> **TASK TO CARRY OUT**:
Locate the line that contains "Save 35% Instantly" in the data that follows. Copy it and every subsequent line to the end, exactly, excluding pictures.

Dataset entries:

------------------------------------------------------------------------

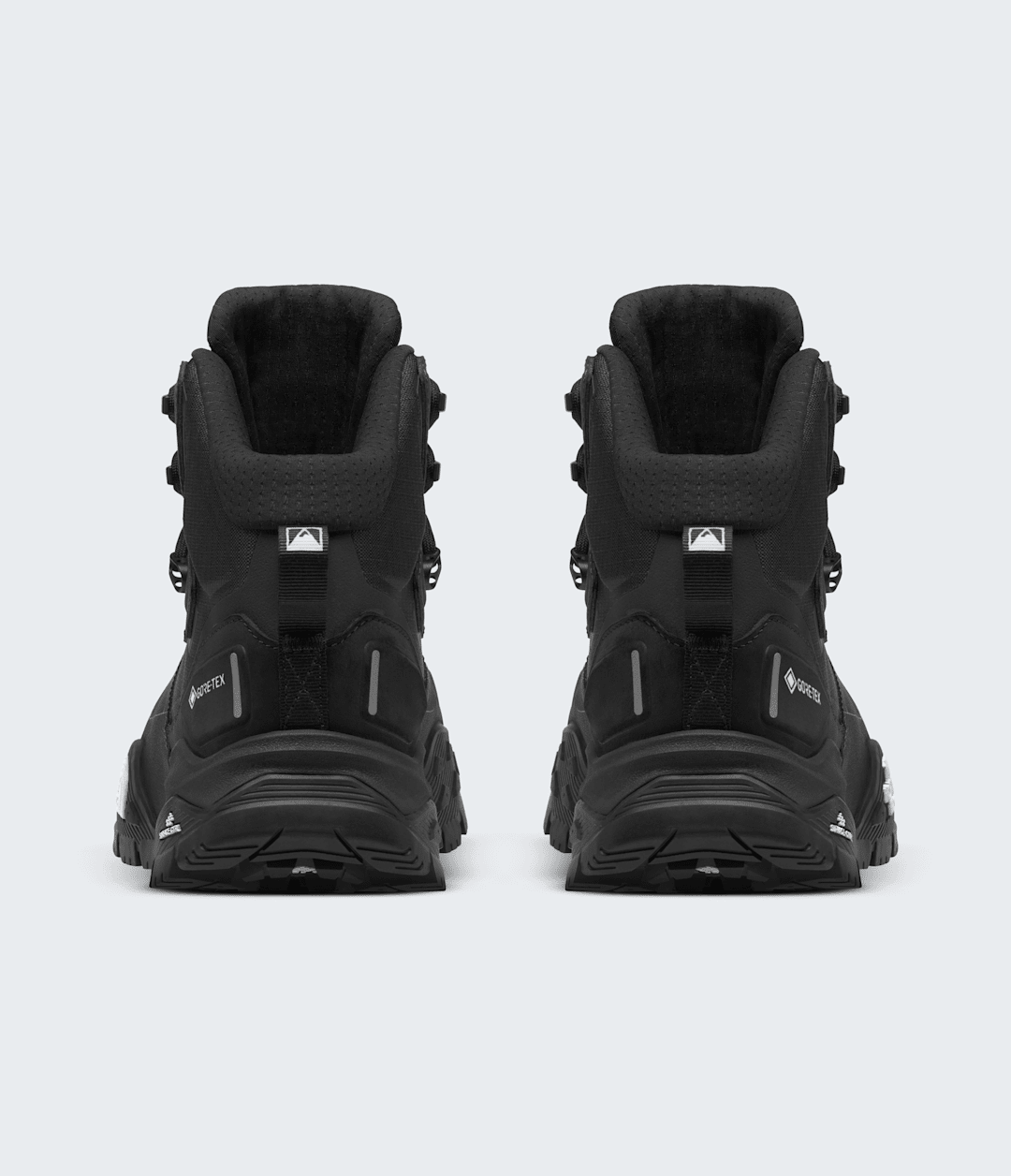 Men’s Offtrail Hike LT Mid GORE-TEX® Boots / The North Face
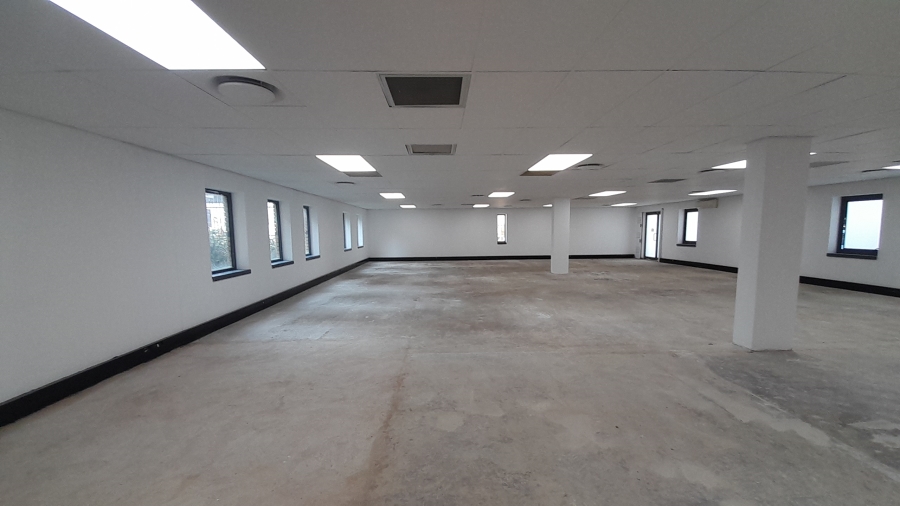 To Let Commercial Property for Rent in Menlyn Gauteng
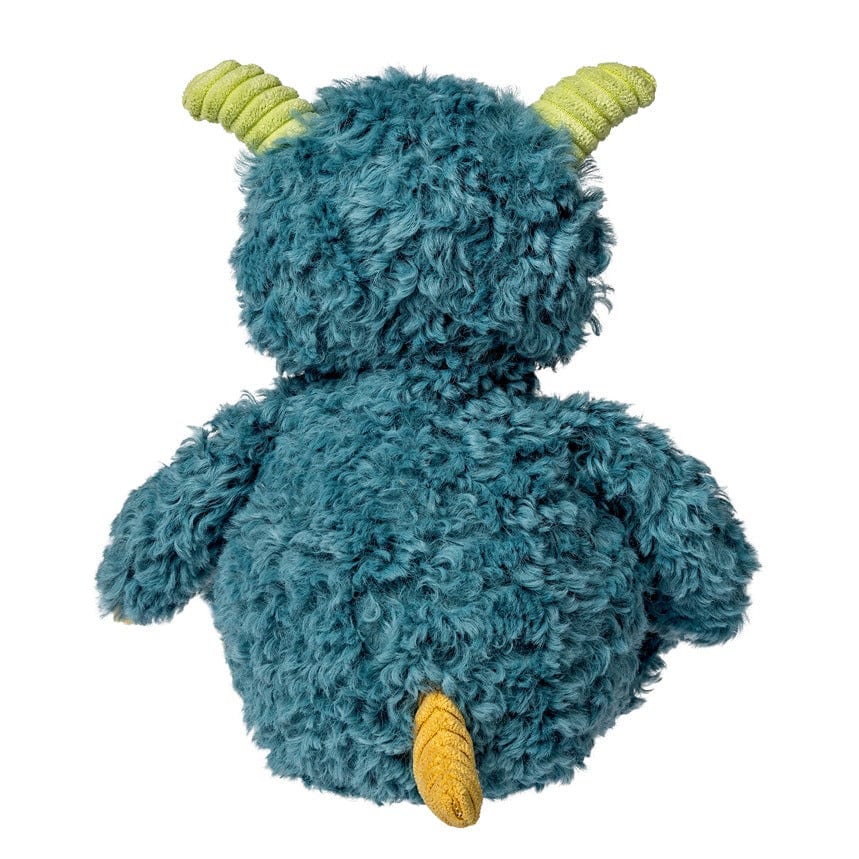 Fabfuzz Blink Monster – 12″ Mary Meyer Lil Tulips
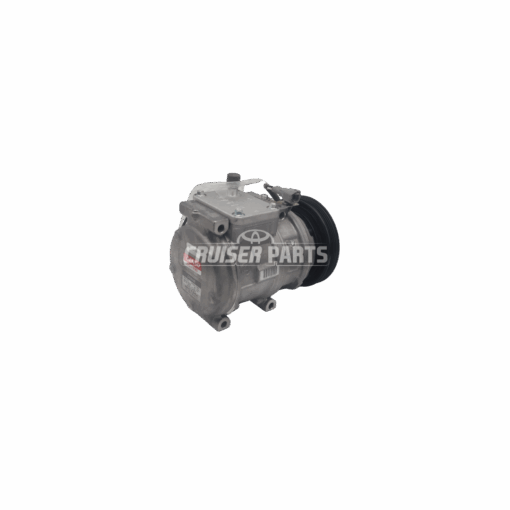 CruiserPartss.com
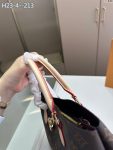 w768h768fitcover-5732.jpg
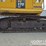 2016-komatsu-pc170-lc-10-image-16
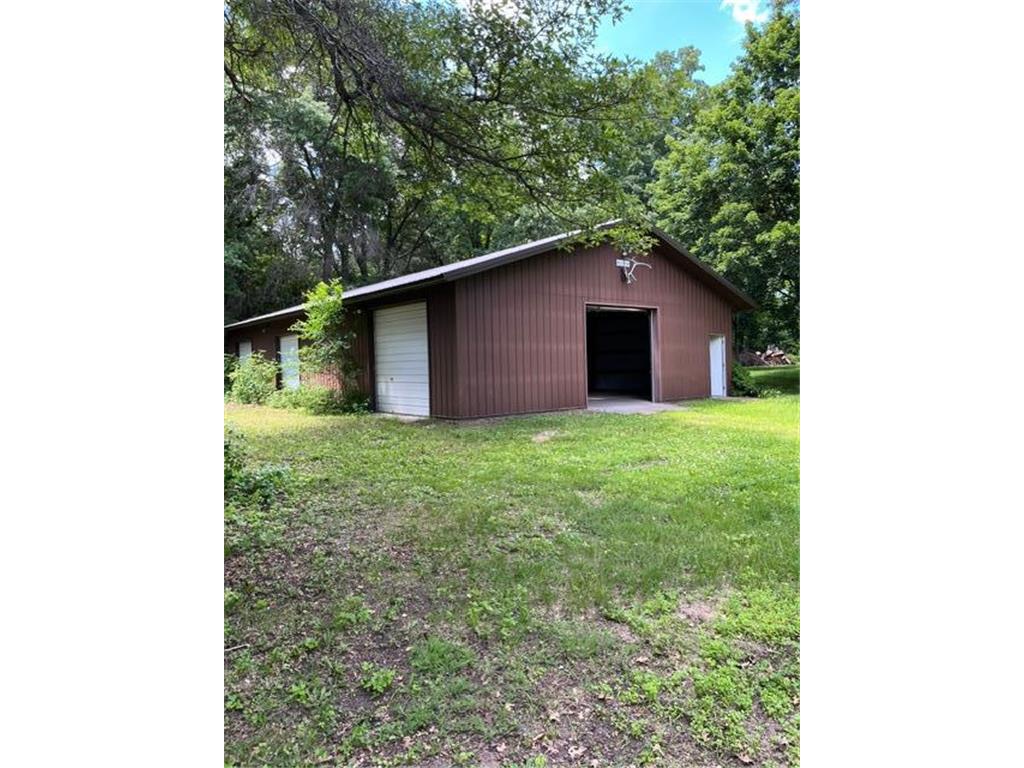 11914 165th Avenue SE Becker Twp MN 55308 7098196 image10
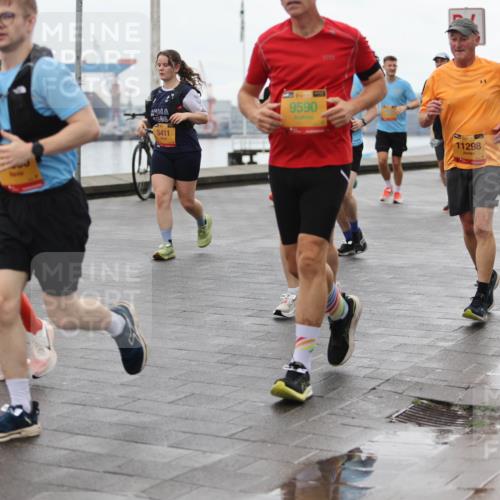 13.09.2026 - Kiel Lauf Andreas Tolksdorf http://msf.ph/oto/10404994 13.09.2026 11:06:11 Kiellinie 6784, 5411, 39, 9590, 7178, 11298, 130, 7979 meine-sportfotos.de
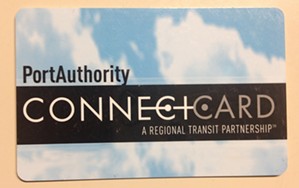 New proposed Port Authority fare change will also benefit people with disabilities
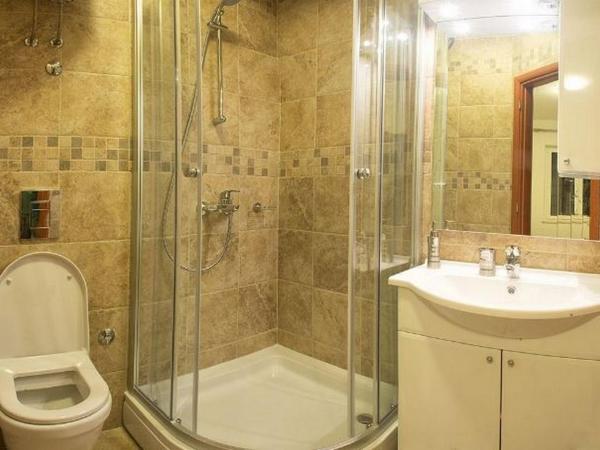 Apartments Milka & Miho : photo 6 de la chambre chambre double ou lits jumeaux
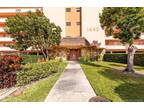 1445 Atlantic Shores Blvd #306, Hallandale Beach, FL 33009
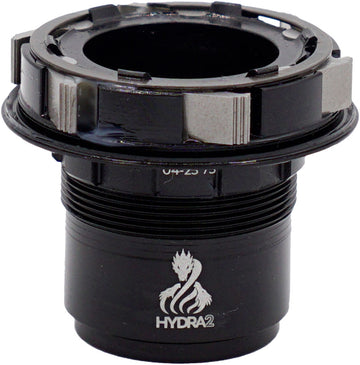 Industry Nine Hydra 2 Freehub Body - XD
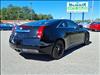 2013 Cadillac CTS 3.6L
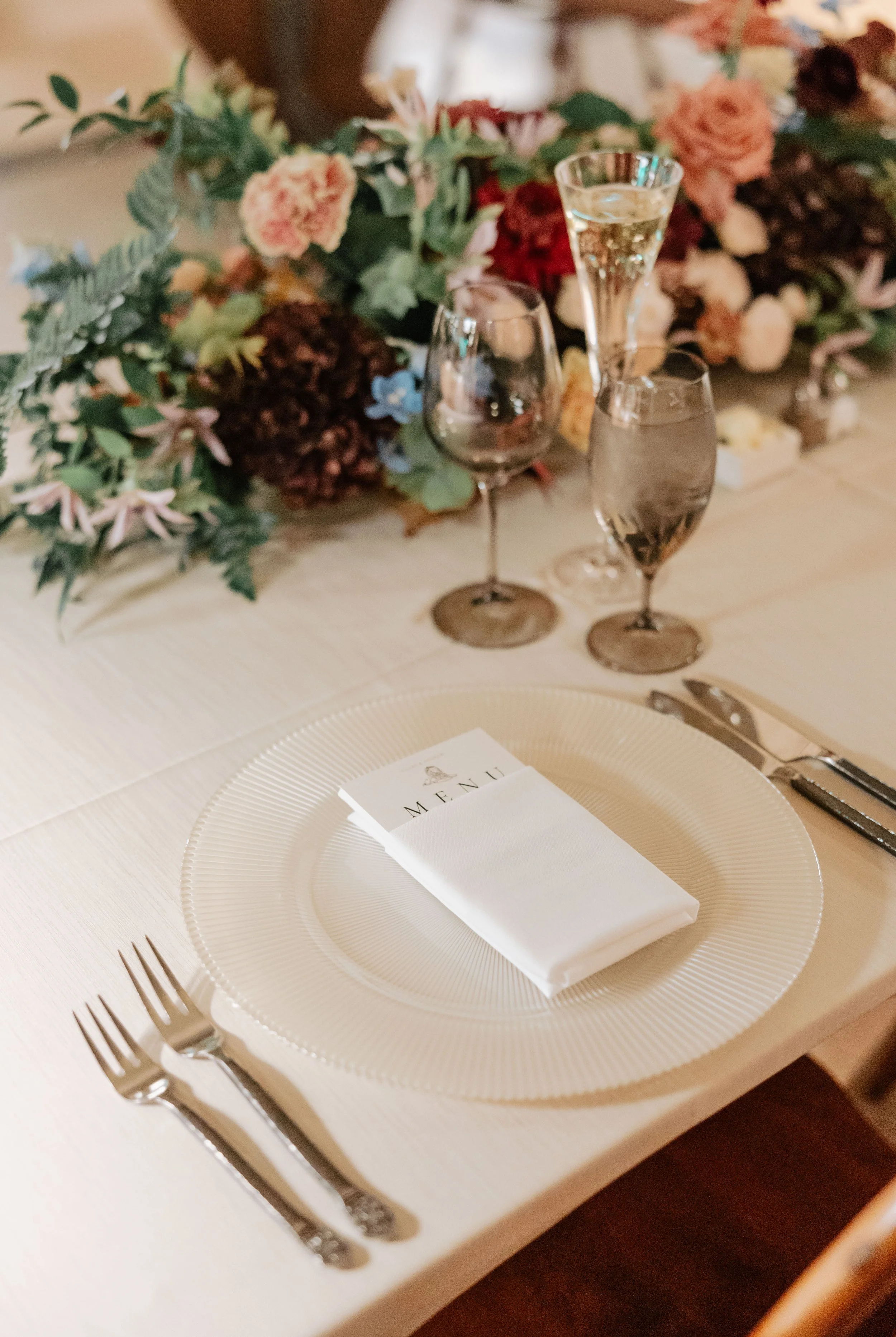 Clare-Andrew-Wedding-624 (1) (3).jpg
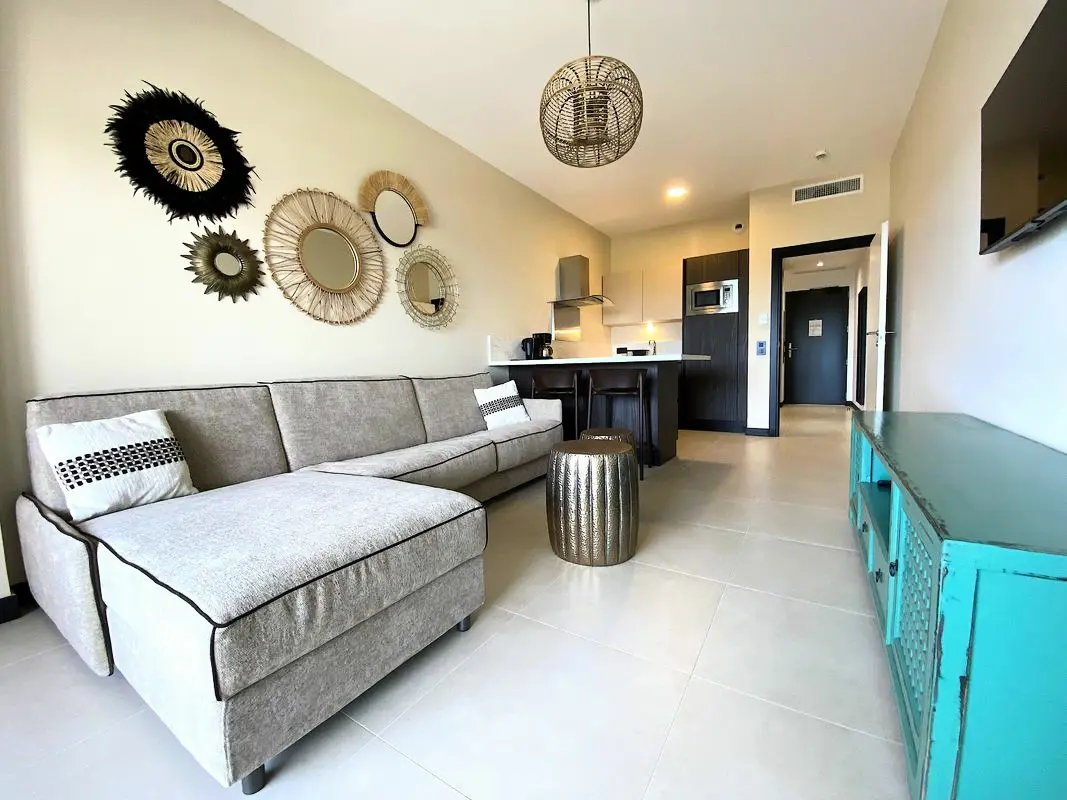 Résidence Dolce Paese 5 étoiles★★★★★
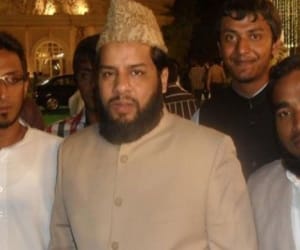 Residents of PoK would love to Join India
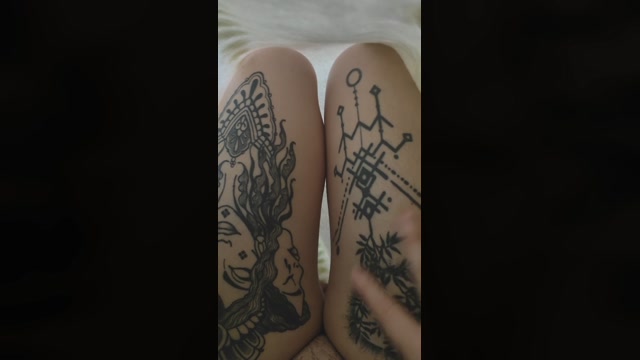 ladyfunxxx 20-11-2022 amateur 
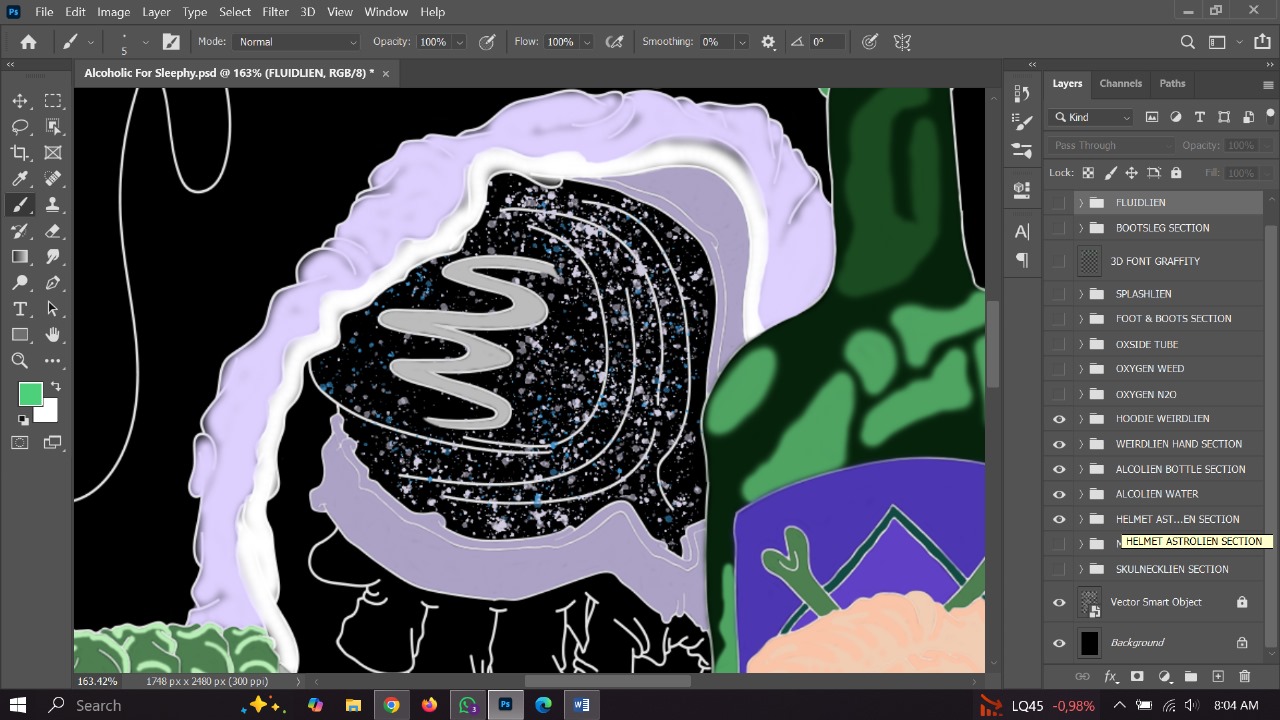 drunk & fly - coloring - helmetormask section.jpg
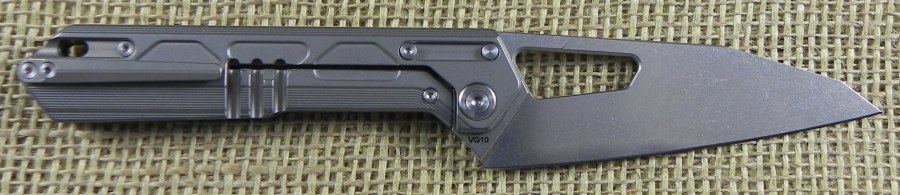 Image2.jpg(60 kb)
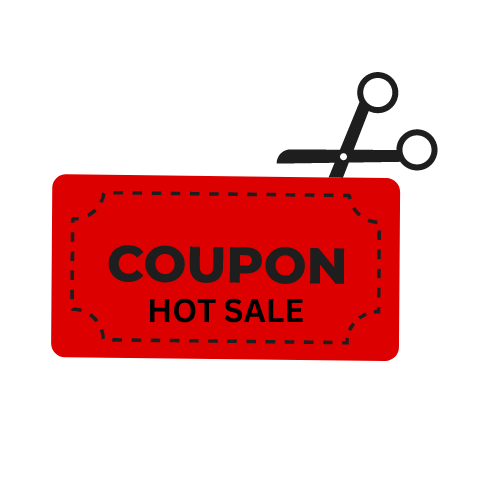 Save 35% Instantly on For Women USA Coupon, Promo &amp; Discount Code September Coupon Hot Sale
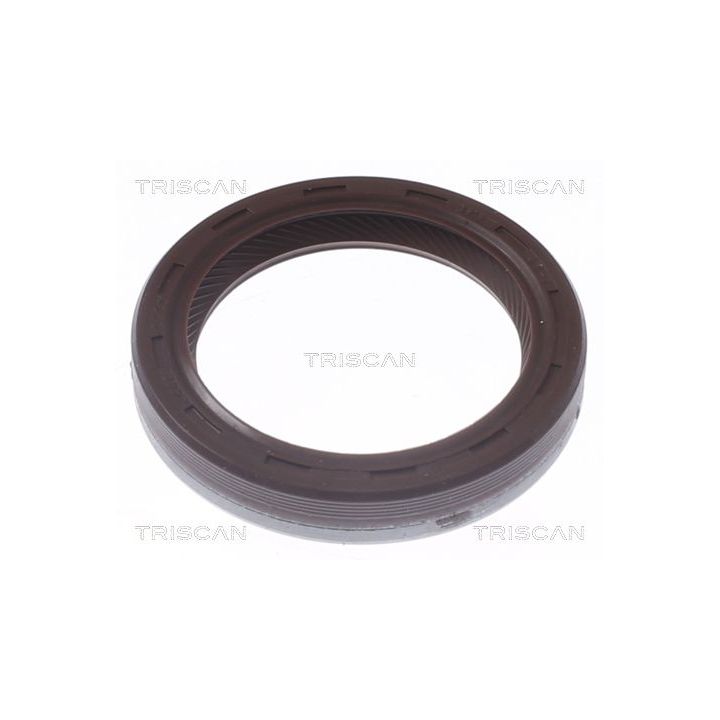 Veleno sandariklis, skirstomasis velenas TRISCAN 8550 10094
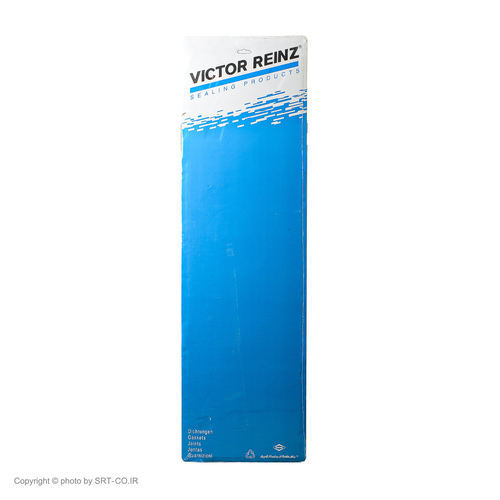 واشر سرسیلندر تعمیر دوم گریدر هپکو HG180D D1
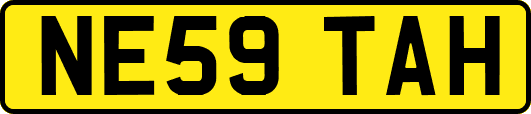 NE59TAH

------------------------------------------------------------------------

> **SOLUTION FOR THIS TASK**:
 Save 35% Instantly on For Women USA Coupon, Promo &amp; Discount Code September Coupon Hot Sale
 Veleno sandariklis, skirstomasis velenas TRISCAN 8550 10094
 واشر سرسیلندر تعمیر دوم گریدر هپکو HG180D D1
 NE59TAH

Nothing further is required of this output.